-------- Data

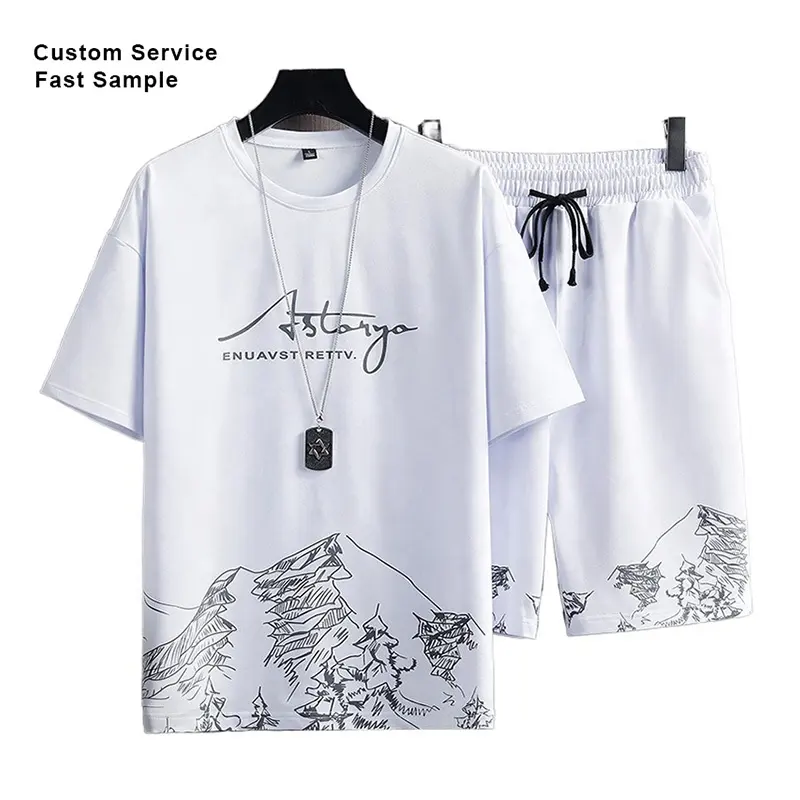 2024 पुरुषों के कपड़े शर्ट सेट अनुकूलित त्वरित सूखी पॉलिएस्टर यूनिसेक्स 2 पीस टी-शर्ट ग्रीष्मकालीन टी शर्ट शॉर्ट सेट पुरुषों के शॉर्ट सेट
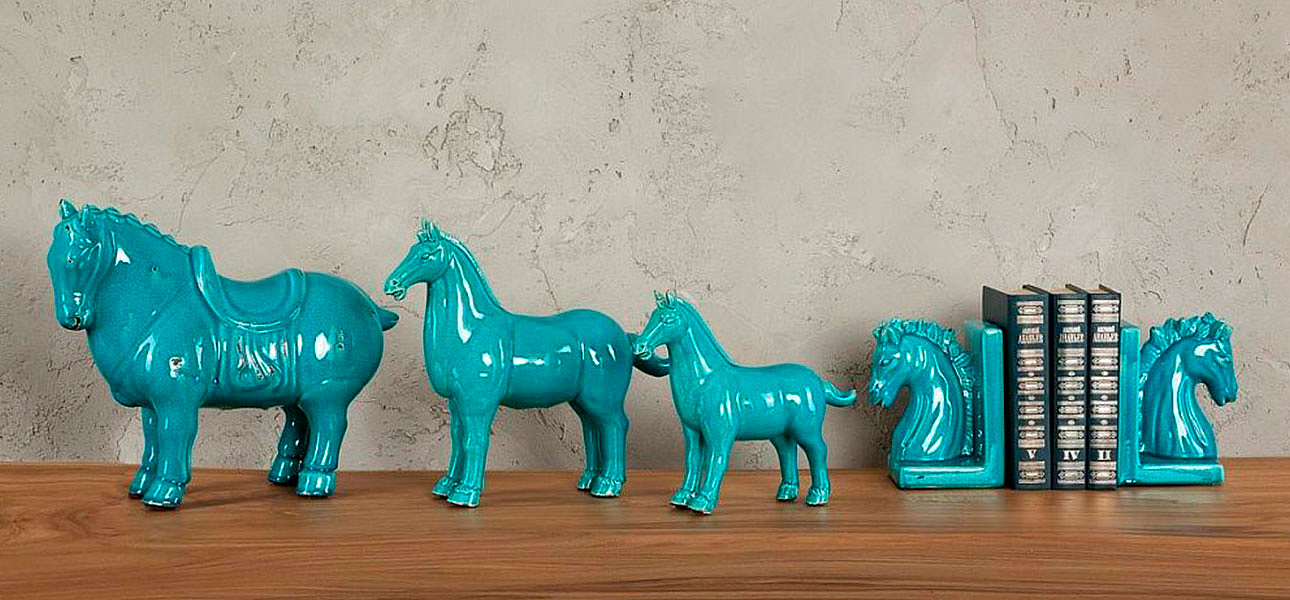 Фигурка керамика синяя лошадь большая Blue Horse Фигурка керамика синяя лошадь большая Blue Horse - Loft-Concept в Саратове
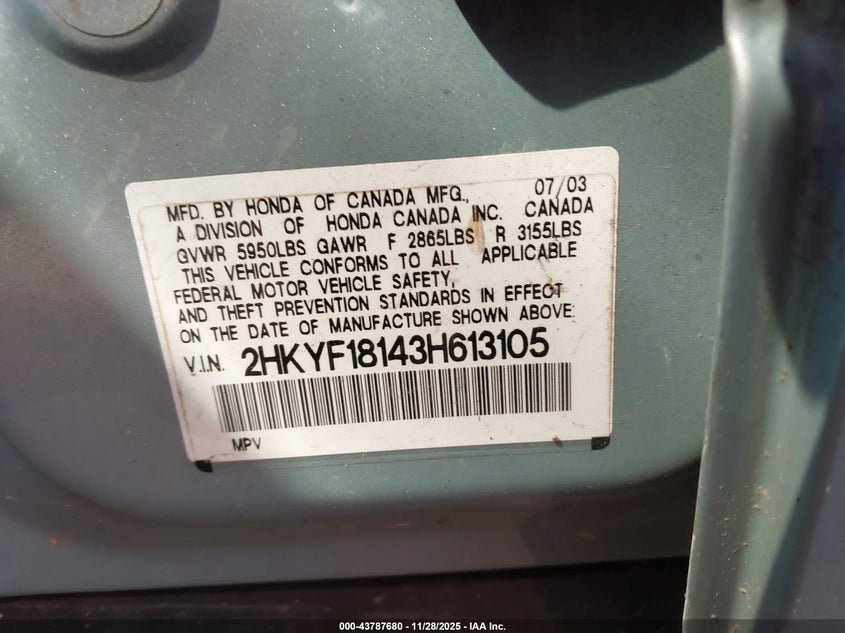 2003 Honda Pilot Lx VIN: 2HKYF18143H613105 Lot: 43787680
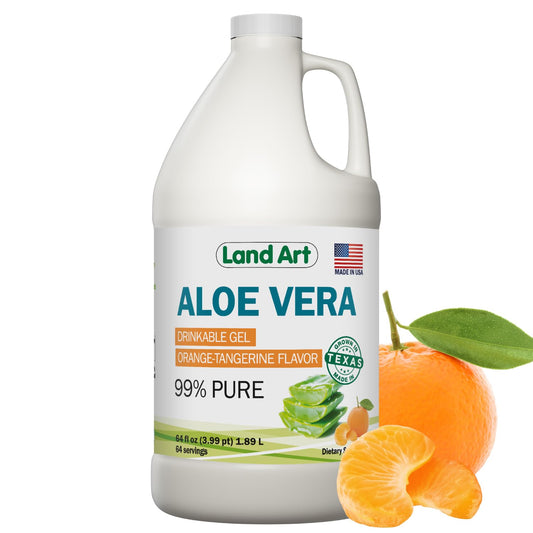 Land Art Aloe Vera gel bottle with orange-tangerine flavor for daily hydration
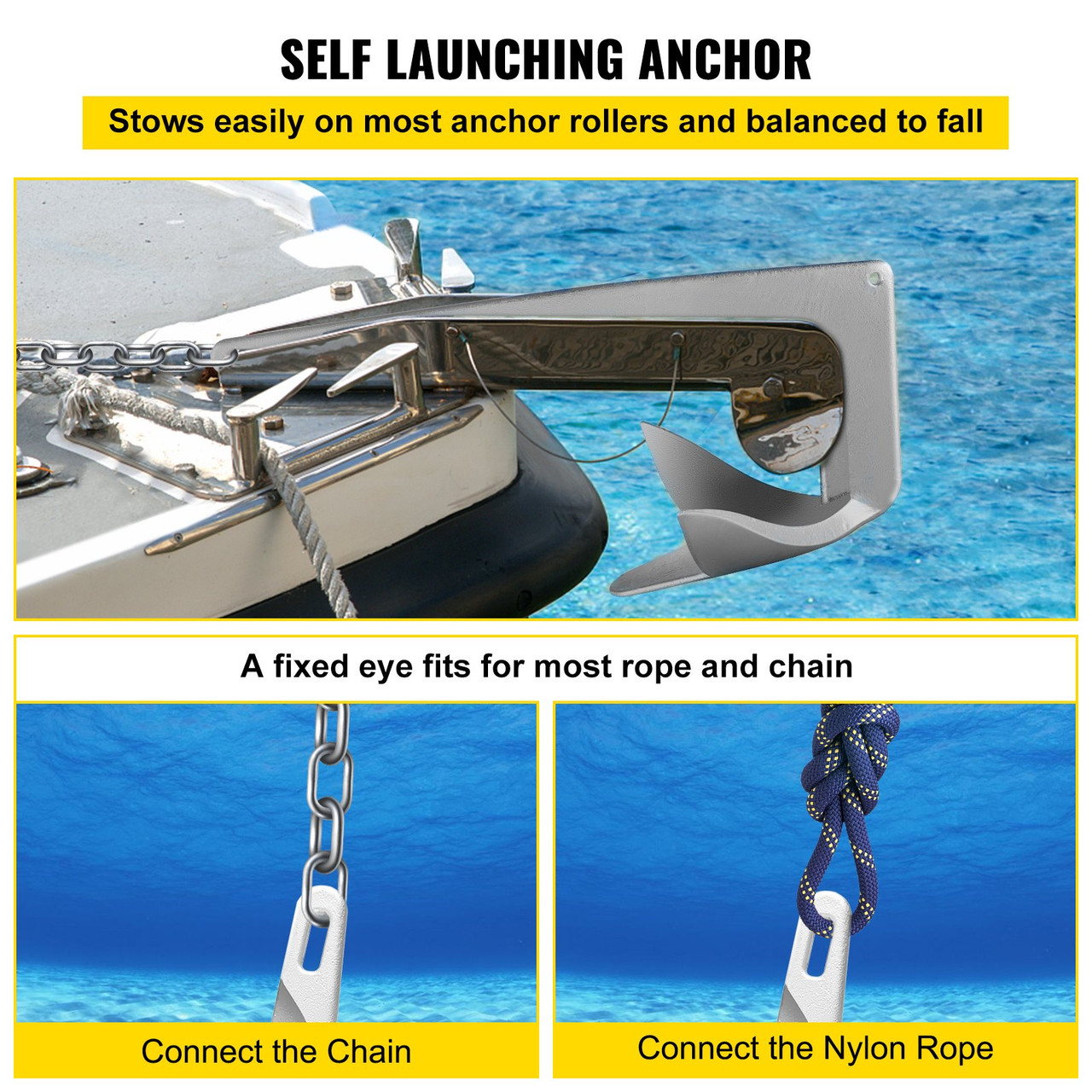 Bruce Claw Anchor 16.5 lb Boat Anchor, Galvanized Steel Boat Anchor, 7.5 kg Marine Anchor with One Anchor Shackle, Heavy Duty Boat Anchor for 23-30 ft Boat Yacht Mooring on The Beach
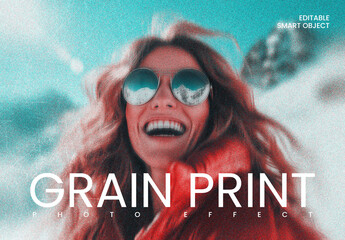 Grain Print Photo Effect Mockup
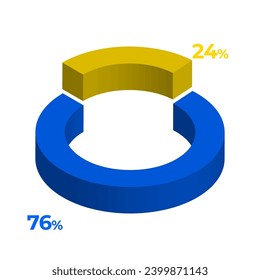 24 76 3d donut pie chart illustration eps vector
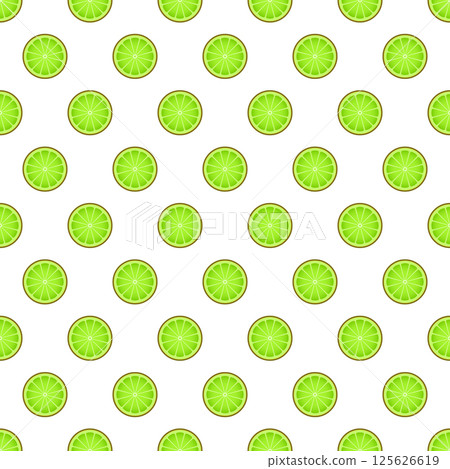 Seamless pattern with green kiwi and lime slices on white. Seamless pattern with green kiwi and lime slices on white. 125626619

----------------

- _Exercise brief_
Wherever an image appears in the data, omit it and repeat everything else exactly.

- _Written solution_
 2024 पुरुषों के कपड़े शर्ट सेट अनुकूलित त्वरित सूखी पॉलिएस्टर यूनिसेक्स 2 पीस टी-शर्ट ग्रीष्मकालीन टी शर्ट शॉर्ट सेट पुरुषों के शॉर्ट सेट
 Фигурка керамика синяя лошадь большая Blue Horse Фигурка керамика синяя лошадь большая Blue Horse - Loft-Concept в Саратове
 2003 Honda Pilot Lx VIN: 2HKYF18143H613105 Lot: 43787680
 Land Art Aloe Vera gel bottle with orange-tangerine flavor for daily hydration
 Bruce Claw Anchor 16.5 lb Boat Anchor, Galvanized Steel Boat Anchor, 7.5 kg Marine Anchor with One Anchor Shackle, Heavy Duty Boat Anchor for 23-30 ft Boat Yacht Mooring on The Beach
 Grain Print Photo Effect Mockup
 24 76 3d donut pie chart illustration eps vector
 Seamless pattern with green kiwi and lime slices on white. Seamless pattern with green kiwi and lime slices on white. 125626619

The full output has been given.